Without the images, repeat every line of the listing exactly.

(Raw data)
————————
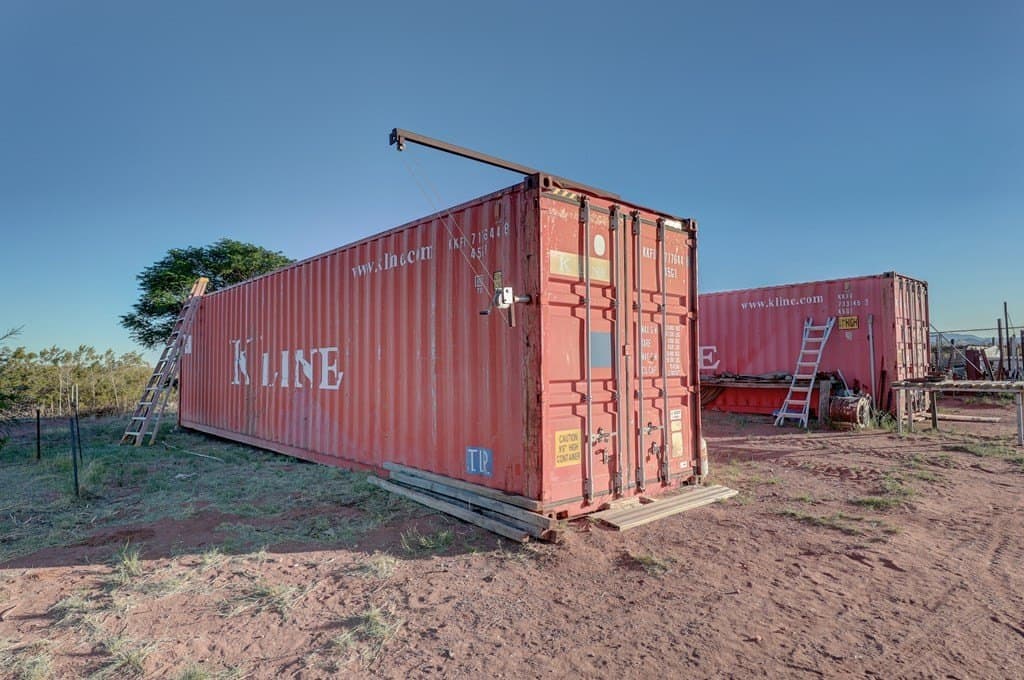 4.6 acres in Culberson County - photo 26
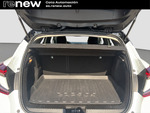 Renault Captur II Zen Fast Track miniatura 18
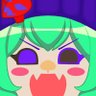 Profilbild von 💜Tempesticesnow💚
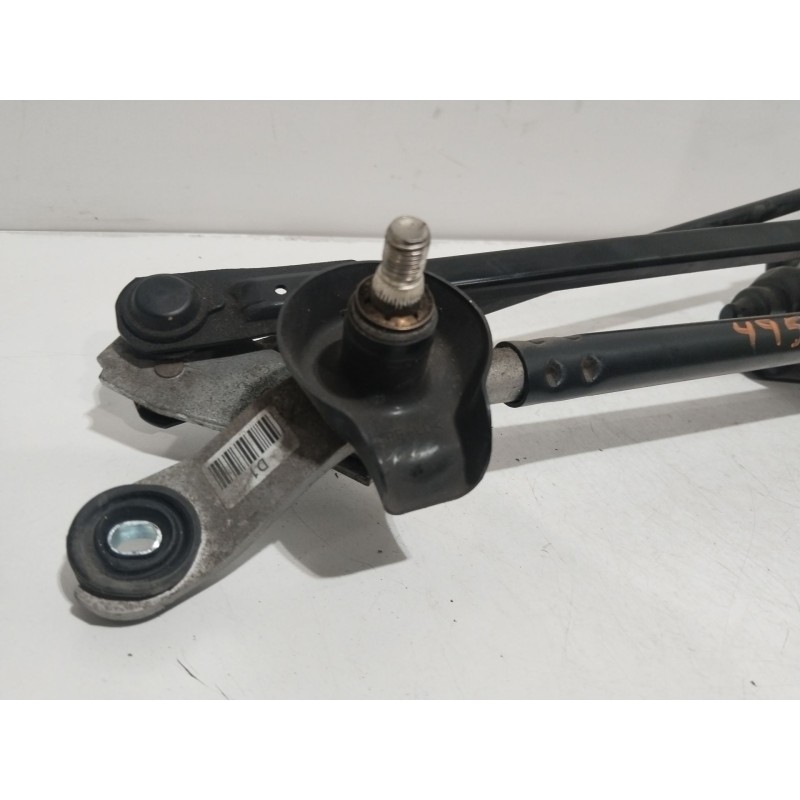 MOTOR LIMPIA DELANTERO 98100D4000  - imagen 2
————————
(Answer area)
 4.6 acres in Culberson County - photo 26
 Renault Captur II Zen Fast Track miniatura 18
 Profilbild von 💜Tempesticesnow💚
 MOTOR LIMPIA DELANTERO 98100D4000  - imagen 2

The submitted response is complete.